Correlations between milling conditions and iron contamination, microstructure and hardness of mechanically alloyed cubic BN particle reinforced NiCrAl matrix composite powders

Contamination from milling vials and grinding balls is one of the major problems for mechanically alloyed materials especially when brittle hard components are included. In this study, 40 vol.% cubic BN/NiCrAl alloy composite, a typical example in ductile-brittle materials system, was prepared by mechanical alloying (MA) process. To minimize iron contamination arising from the stainless steel milling medium, two types of precautions, including coating NiCrAl alloy on milling medium surface by mechanical milling and a novel 'step-fashion' MA method, were employed. Without any approaches, a high iron content of 10.9 wt.% was yielded. After coating a ∼20 μm thick NiCrAl layer on milling medium surface, the iron contamination was decreased to 7.3 wt.% because the coated NiCrAl layer played an important role in preventing the milled powders from directly tearing and wearing the milling medium. By the 'step-fashion' MA method, the iron contamination was reduced to 4.4 wt.%. Combining these two pretreatments, a low iron content of 2.2 wt.% was achieved. After 40 h of milling, crystals of NiCrAl matrix for powders prepared under all of the conditions were refined to be sizes of 30-40 nm. Furthermore, by the 'step-fashion' milling method, NiCrAl powders exhibited an enhanced ability to incorporate more cBN ceramic dispersoids.
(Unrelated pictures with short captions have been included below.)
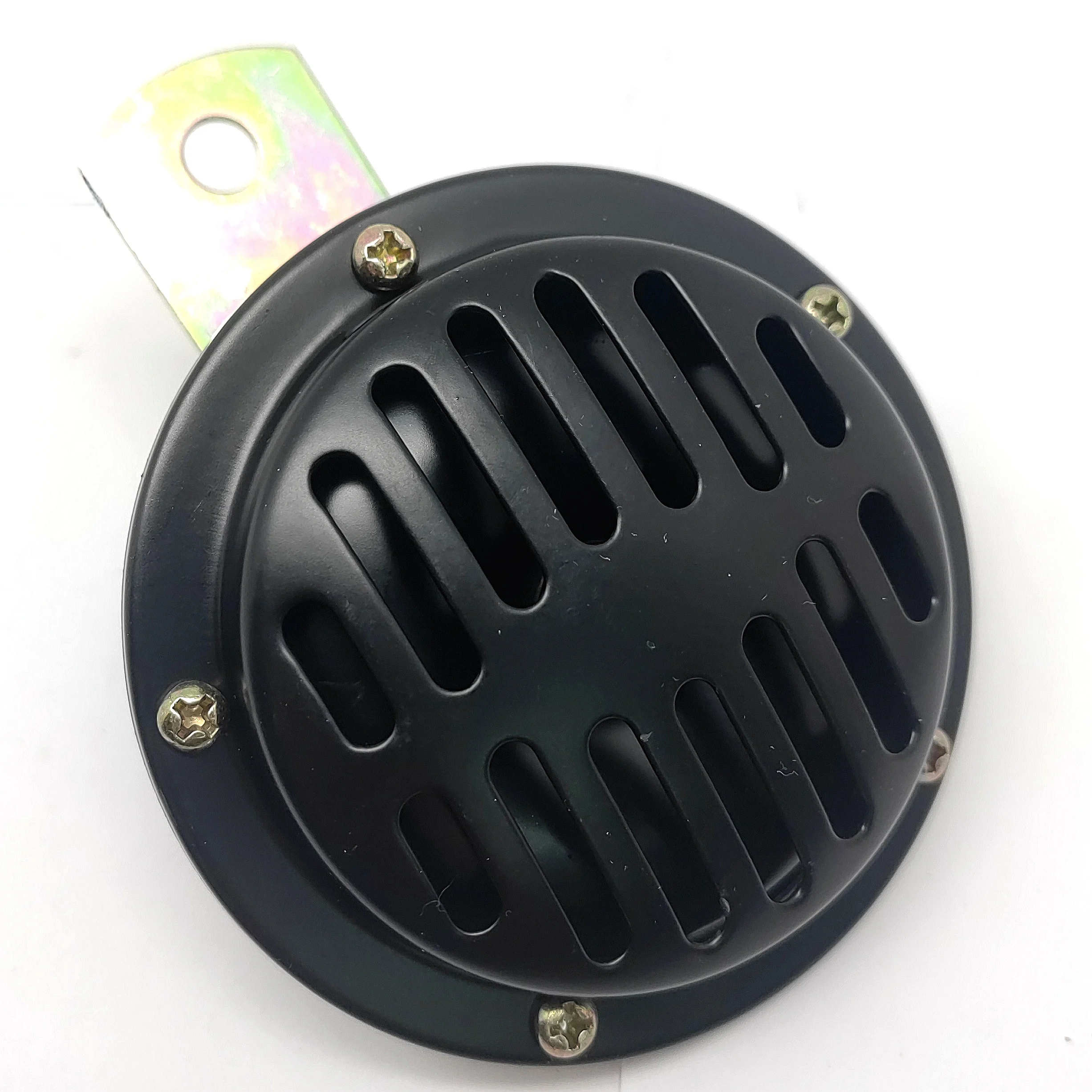 Linde Forklift Aftermarket Horn 12V - Replacement for OEM 0009731502/0009731515/0009731516 | High-Quality Compatible Spare Part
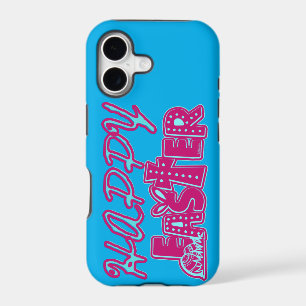 HAPPY EASTER funny easter holiday gift            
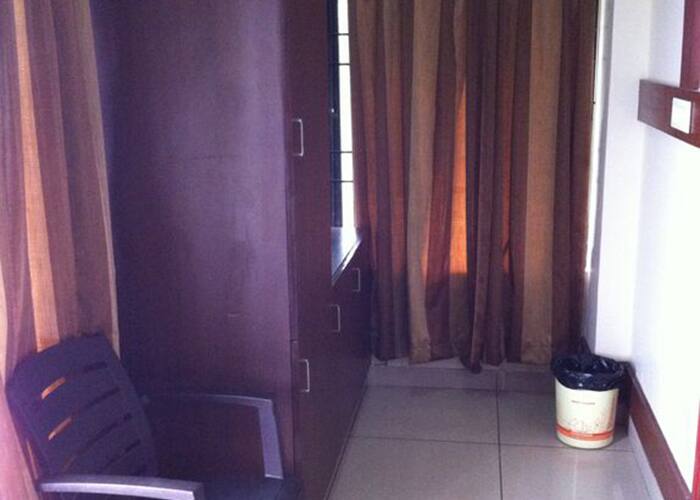 Aruna Nataraj Residency, Chennai 4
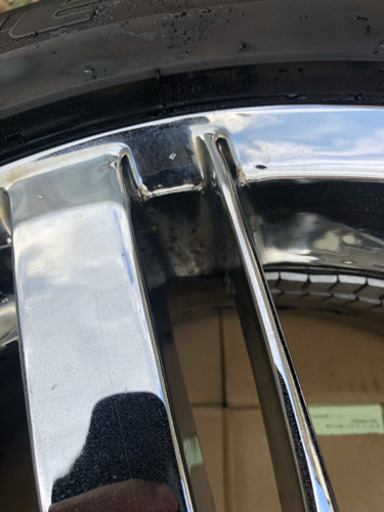 AutoStrada Duval アウトストラーダ デュバル 4本セット 18インチ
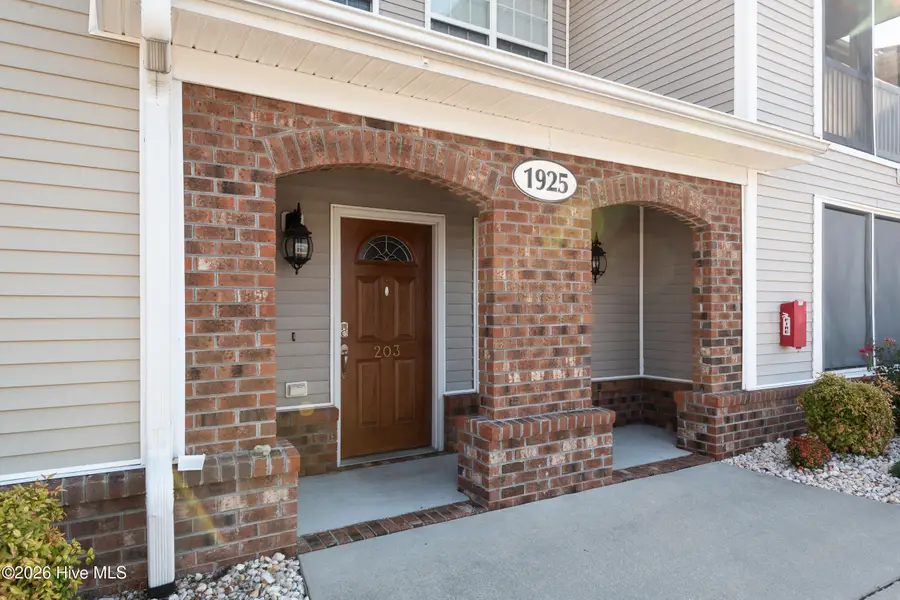1925 Tara Court #201, Greenville, NC 27858 - #2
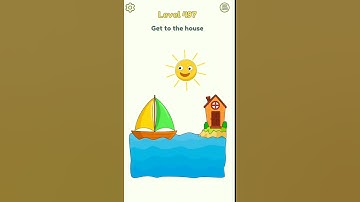 Dop 2 games level 497 #short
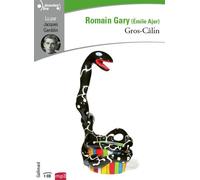 Romain Gary – Gros-Câlin – Gallimard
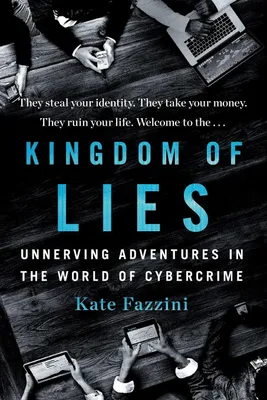 Produktbild von Kingdom of Lies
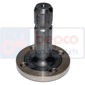 PTO SHAFT , Massey Ferguson, Transmission, PTO, Power take-off shaft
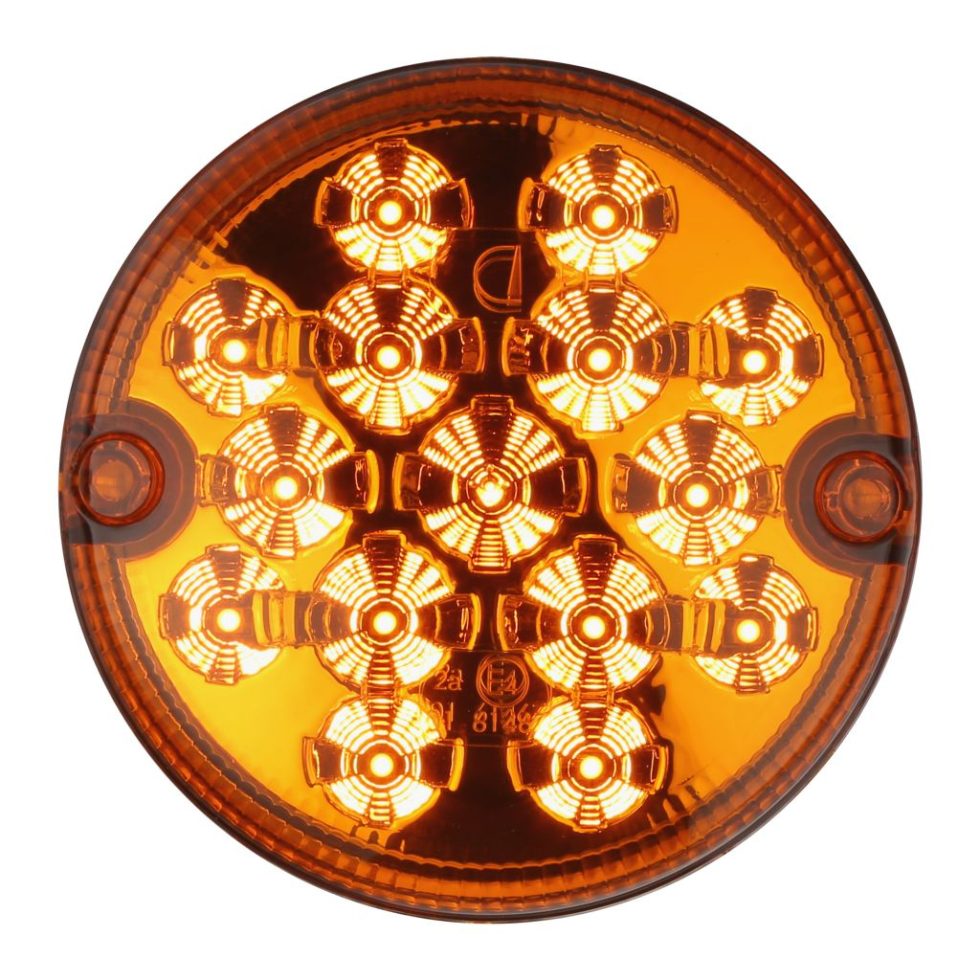 LED hátsó lámpa kiegészítő készlet - Image 5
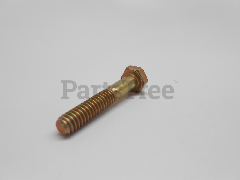 Echo 90001708048 Bolt, 1/4-20 X 1 1/2 - image 1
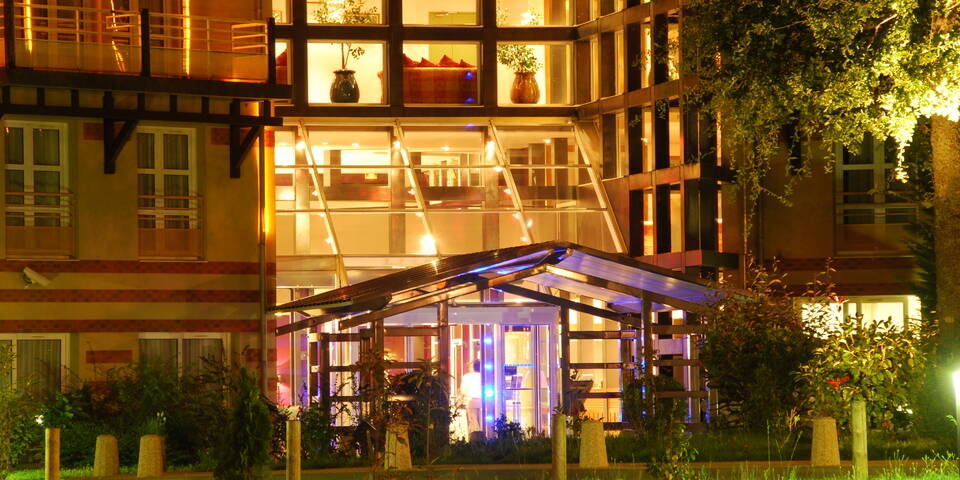 facade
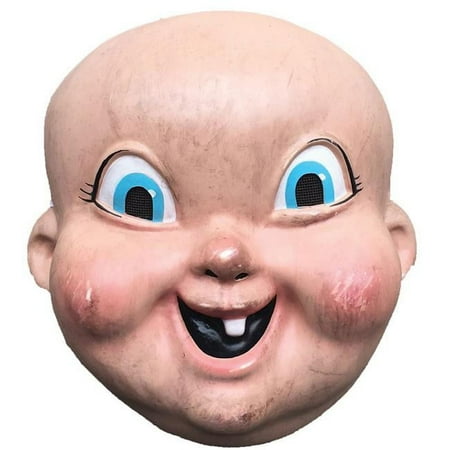 

Killer Vacuform Mask Dirty Exclusive
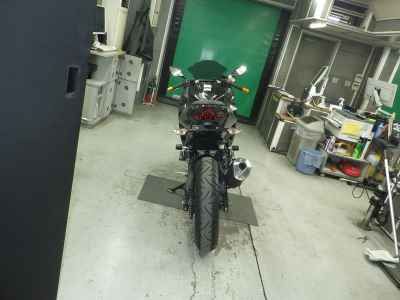 Kawasaki Ninja 250 2020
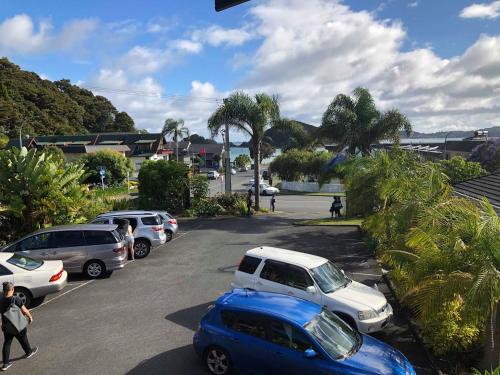 Фотография мотеля Bounty Motel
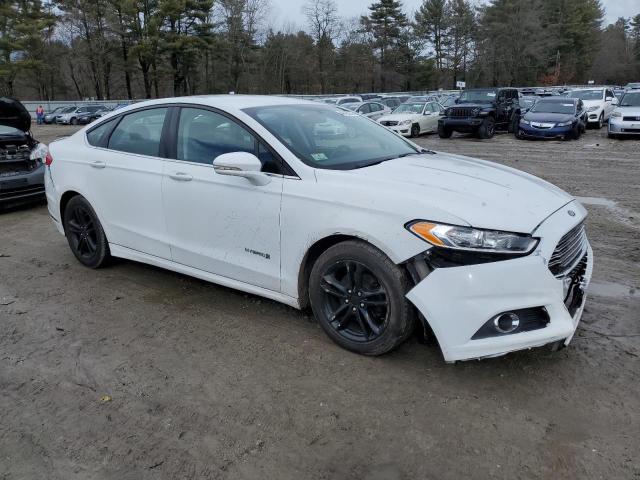Photo 4 from auction – 2016 FORD FUSION SE with VIN 3FA6P0LU9GR360310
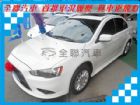 台南市Mitsubishi 三菱 Fortis MITSUBISHI 三菱 / Fortis中古車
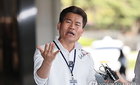 전 한국사 강사 전한길, 이재명 대통령·이준석 대표 명예훼손 혐의로 구속영장 청구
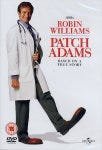 Patch Adams DVD Patch Adams DVD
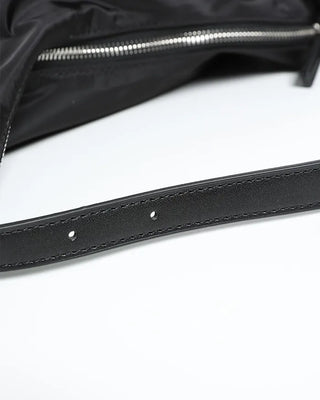 Big Square Hobo Bag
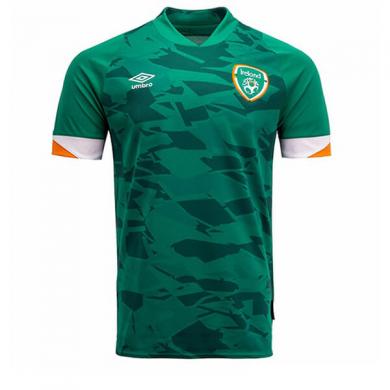 CAMISETA IRLANDA PRIMERA EQUIPACION 2022-2023 CAMISETA IRLANDA PRIMERA EQUIPACION 2022-2023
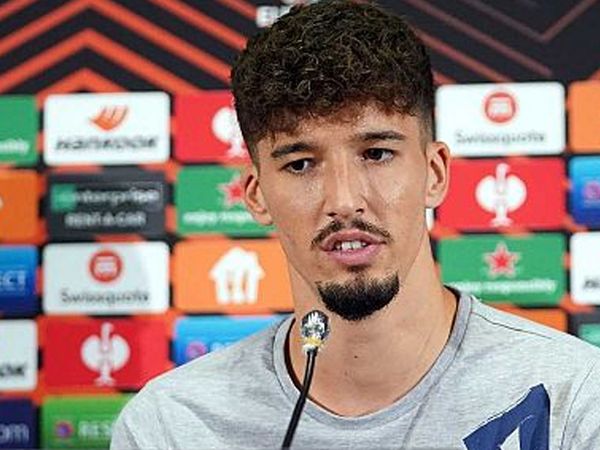 Altay Bayındır'dan Olympiakos Maçı Öncesi Çarpıcı Açıklamalar!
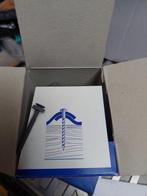 Golfplaat nagels, Overige materialen, Zwart, Nieuw, Ophalen of Verzenden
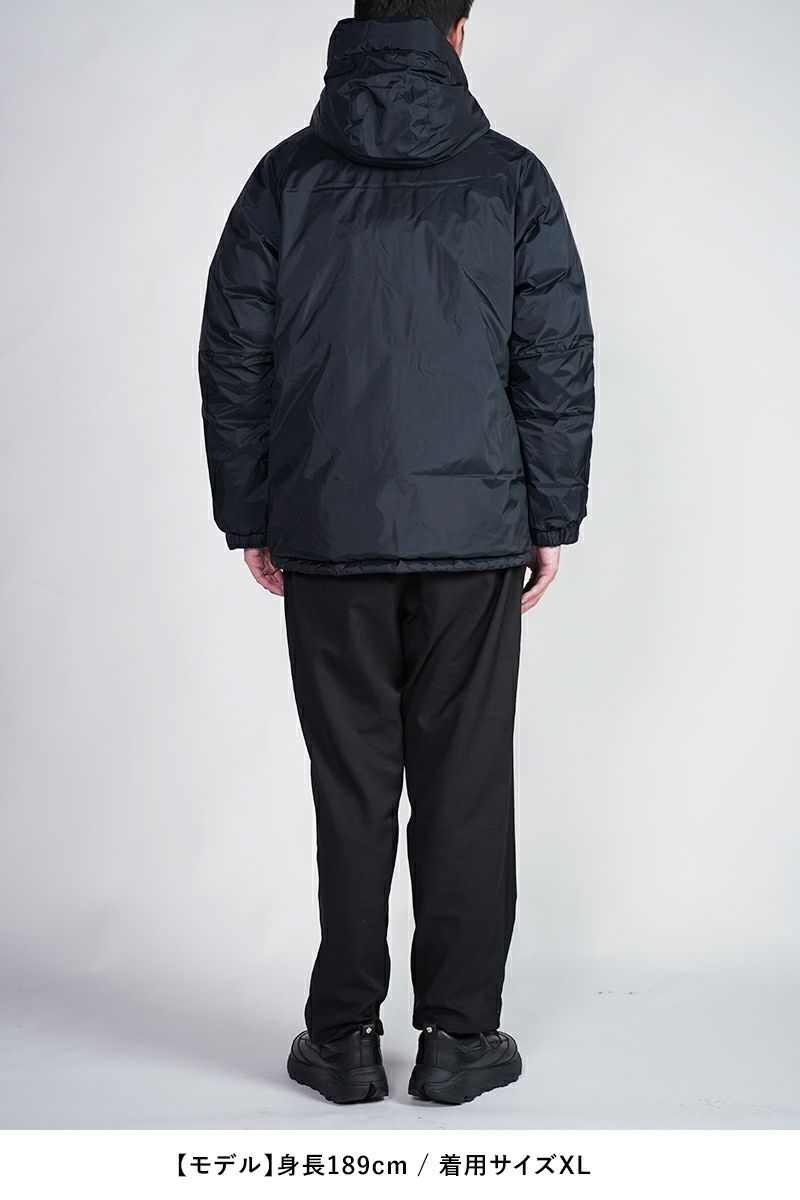 NANGA(ナンガ)AURORA TEX DOWN JACKET オーロラテックスダウンジャケット ND2441-1A001-A -18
As many as 40 vol.% of cBN was embedded into NiCrAl matrix for composite powders prepared by the 'step-fashion' method and thus resulted in a high hardness of ∼1150 HV. However, powders prepared by conventional method incorporated only 20 vol.% of cBN and exhibited a relative low hardness of 800 HV. To make clear the mechanisms that how milling conditions actually influence the iron contamination level, the interactions between milled powders and milling medium during MA were also investigated.